**What is required**
Write the listing below out again word for word, without a single picture.

**Data provided**

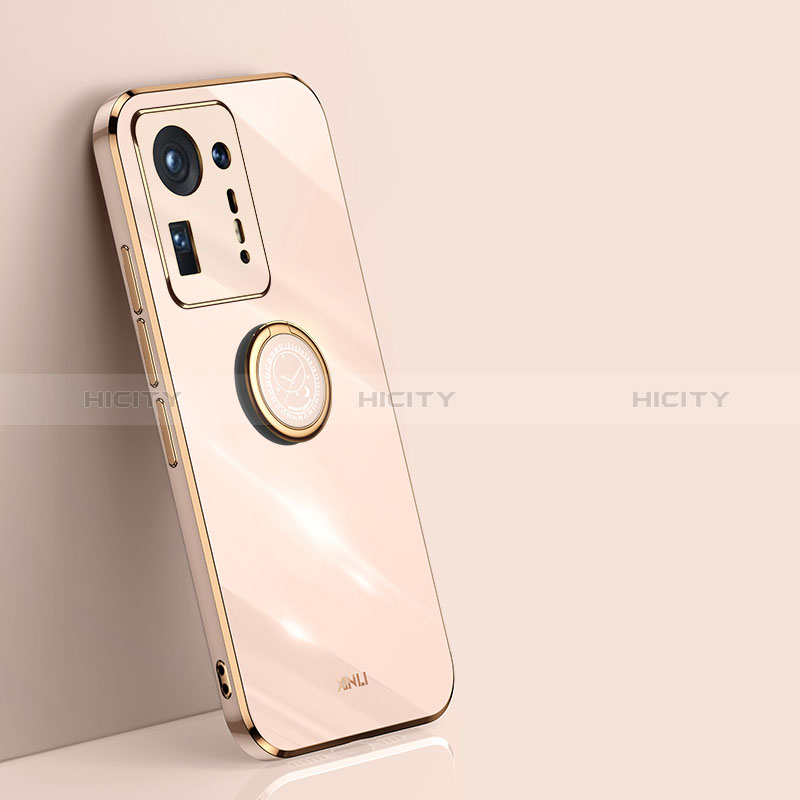 Funda Silicona Carcasa Ultrafina Goma con Magnetico Anillo de dedo Soporte XL1 para Xiaomi Mi Mix 4 5G Oro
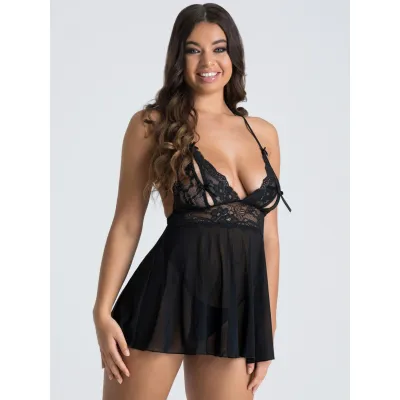 Lovehoney Peek a Boo Black Babydoll Set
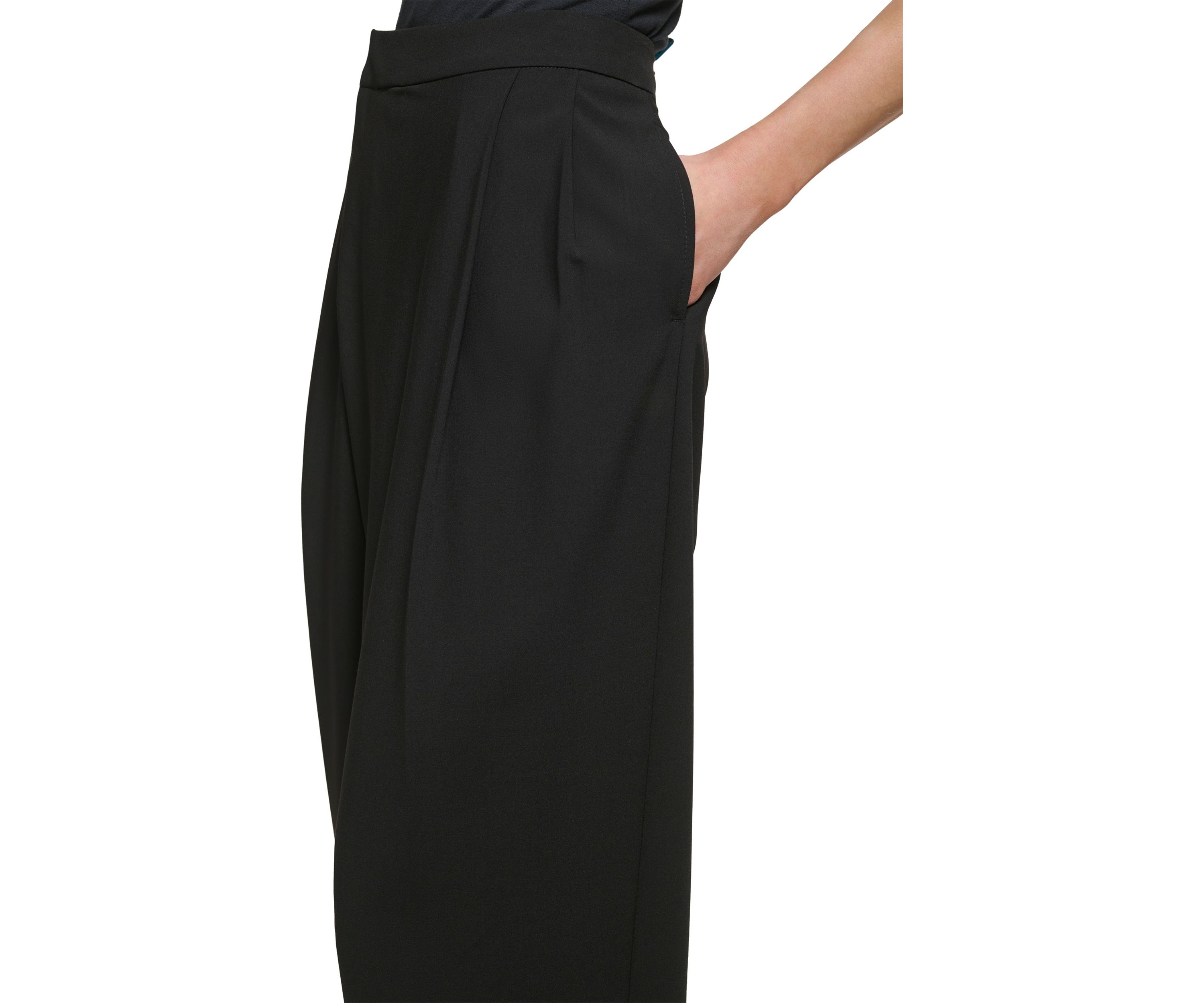 Womens Crossover Front Pleated Trousers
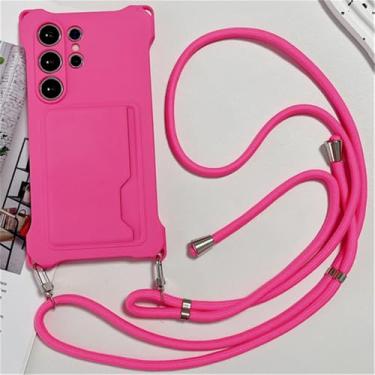 Imagem de Capa de silicone com compartimento para cartão crossbody para Samsung Galaxy S22 23 24 Ultra Plus S23 Fe A54 A14 A34 A53 A15, rosa vermelha, para A12 5G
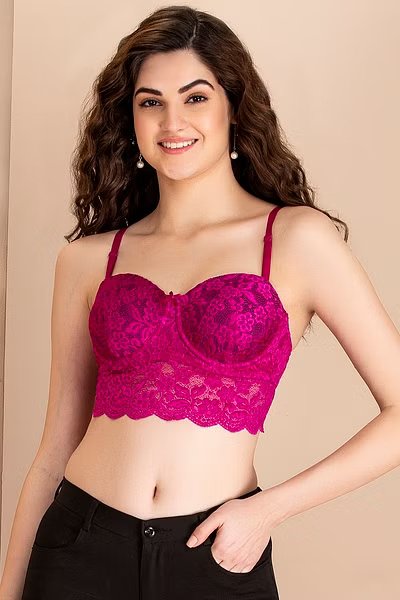 Buy Padded Underwired Full Cup Multiway Strapless Balconette Bralette in  Wine Colour - Lace Online India, Best Prices, COD - Clovia - BR1971R15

**Written response**
 Funda Silicona Carcasa Ultrafina Goma con Magnetico Anillo de dedo Soporte XL1 para Xiaomi Mi Mix 4 5G Oro
 Lovehoney Peek a Boo Black Babydoll Set
 Womens Crossover Front Pleated Trousers
 Imagem de Capa de silicone com compartimento para cartão crossbody para Samsung Galaxy S22 23 24 Ultra Plus S23 Fe A54 A14 A34 A53 A15, rosa vermelha, para A12 5G
 Buy Padded Underwired Full Cup Multiway Strapless Balconette Bralette in  Wine Colour - Lace Online India, Best Prices, COD - Clovia - BR1971R15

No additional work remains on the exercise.